Photo Illustration by Nell Jaskowiak
Advanced Placement tests carry drawbacks amid great benefits
February 22, 2018
Because the Pathfinder staff vote of 25 respondents was significantly divided on the subject of Advanced Placement (AP) exams, with 60 percent agreeing that the AP tests are beneficial despite 40 percent agreeing that the College Board exploits students, a side-by-side comparison of opinions on this topic were composed for this editorial.
Advanced Placement classes establish excellence
For 118 years, the College Board has been providing advanced education for qualified students while they are still in high school. Through the administration of Advanced Placement (AP) tests and oversight of the classes that prepare students for them, the College Board has raised the ceiling for high school achievement and has made this level of rigor accessible internationally.
The biggest draw of AP exams is a figure that deserves all the publicity it receives; an AP exam costs $98 while the average 3 credit hour college class costs $594. That makes an AP test 16 percent of the cost of a college class, while still providing students with an opportunity to earn the same amount of credit. Four grueling hours at a time, students can ultimately save $19,000 on their overall college education over the course of their high school career.
Due to this college-level standard of the AP curriculum, students are held to an unyieldingly quick pace that pushes their learning to the highest level it can be. While students may be more comfortable with a slower pace set by a teacher in a regular honors class, Parkway’s mission is to make every student capable and confident, well-equipped to take on the world ahead of them, and by offering 25 AP classes at West High no student can settle for academic complacency.
For many students who wisely use their time in school, the need to study outside of school classes can be diminished due to the lower rigor of regular or honors courses. This can be problematic for students because it does not necessitate good study habits, and subsequently students are more likely to struggle in college.
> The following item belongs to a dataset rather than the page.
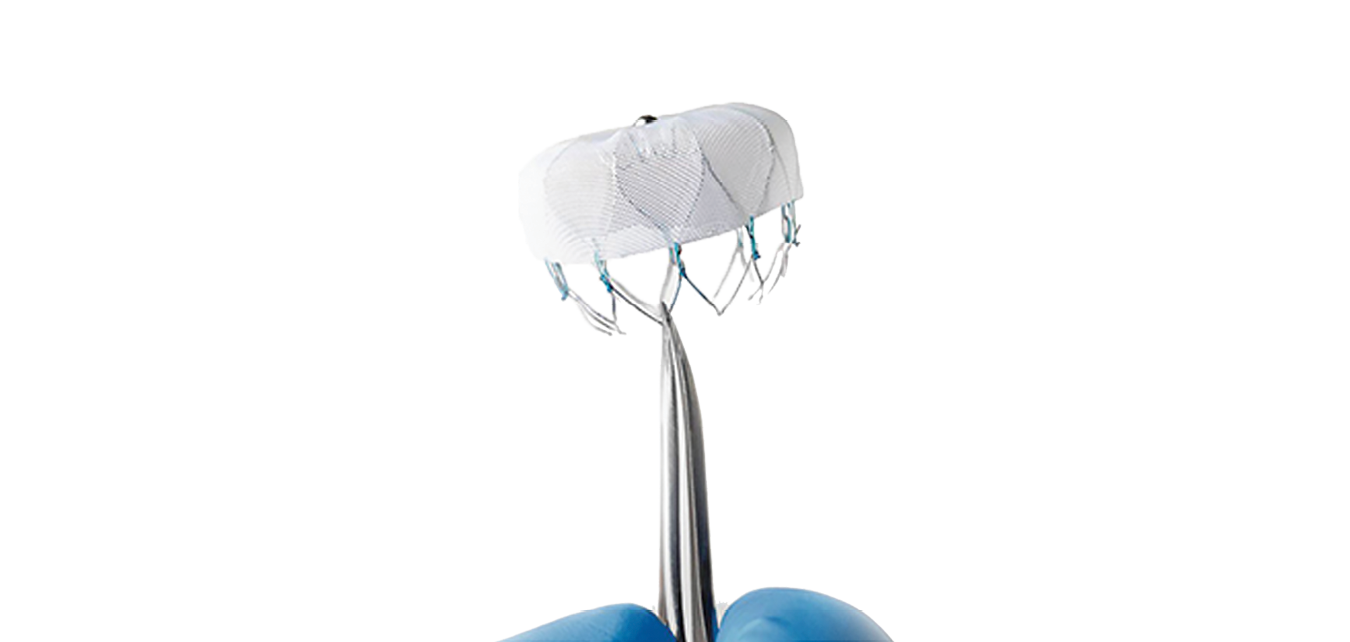 Understanding nitinol implant design and manufacturing Medical Design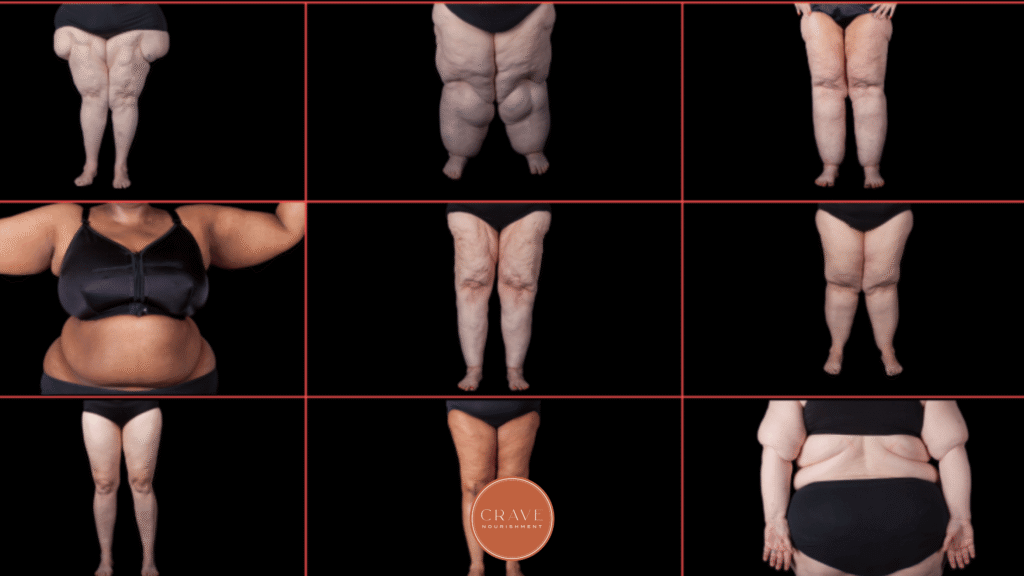 If you've ever felt like your body is working against you, you are not imagining it. Lipedema fat does not behave the same way as typical weight gain, and that difference matters more than most women are ever told. When we understand what is actually happening in the tissue, it becomes much easier to stop blaming ourselves and start focusing on strategies that actually support the body.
According to a study conducted by the Salam Noor of the University of Oregon, 63 percent of college dropouts cited academic disengagement and 71 percent of students cited absenteeism as reasons for their dropout, both of which are problems which stem from limited academic rigor.
West has done its students a great service by building its breadth of AP options; no student can be idle in their education at this level, and if they work hard in this challenging situation, it can pay off in the form of large savings for college. Beyond even that, AP classes build study habits and a work ethic that last far beyond a student’s high school days and help them step successfully into their futures. Success and achievements to be proud of come from beyond our comfort zones, and AP classes push us there.
Advanced Placement classes embezzle education
For 118 years, College Board has owned somewhat of a monopoly on college admissions examinations. The only other organization in the United States that exists for this purpose is American College Test (ACT) incorporated. The College Board’s first widely-used test was the SAT, whose preparatory exam, the PSAT, is offered at West every year. After the SAT was introduced in 1926, AP tests followed in 1952 and both tests have only expanded with time; SAT now has individual subject tests and College Board offers over 30 AP tests. Through these tests, College Board, a listed non-profit organization, makes millions of dollars and pays hefty salaries to its board members.
A $783,076,642 revenue in a self-proclaimed not-for-profit organization simply doesn’t add up. From 2011-2012, College Board president Gaston Caperton so charitably limited his salary to a cool $1.5 million, reaping the benefits of middle class families taking a hit of up to $700 for a student to take AP tests. This glaring figure cannot be ignored, and casts College Board in a suspicious light. Are they really looking out for our education, or do they simply want our money?
In Missouri, public high schools can earn points on their annual state-issued performance report card for the number of students they have that get a “3” or higher on an AP exam. The state of Missouri is incentivizing schools to push all students enrolled in AP classes to take its corresponding AP test, regardless of whether that test will give them credit after high school. Even though 2,900 higher education institutions grant credit for AP examinations, there are still approximately 2,400 that do not do so. Students are pushed through the pipeline all the same, just to check the box on their school’s report card.
West, understandably, strongly encourages all of its students to try AP, with more AP classes replacing honors versions every year. Teachers’ tagline when registration rolls around is always “The test is worth a shot; it can only help you.” While the effort to heighten student education can be seen, the real benefactor is not the students; once students become upperclassmen, they are often taking four or five AP classes, each with an hour or more of homework per day, resulting in sleepless nights, high stress and anxiety—all so that they can sit through up to 20 hours of grueling examinations in May for a single number that may not even help their future. Some students handle this pressure well, but many are needlessly overworked for the sake of College Board’s profit and Parkway’s good reputation.
College Board’s money trail leads to nothing but questions and Missouri’s own rating systems give schools motives to mindlessly shove every pupil into an AP class in the hopes of another “3”. Meanwhile, schools that cannot afford to offer AP classes are being left further in the dust, risking loss of accreditation because their students cannot produce the test scores. College Board and Parkway’s perks are too suspicious to ignore; students become no more than statistics and dollars under College Board’s tyranny of tests.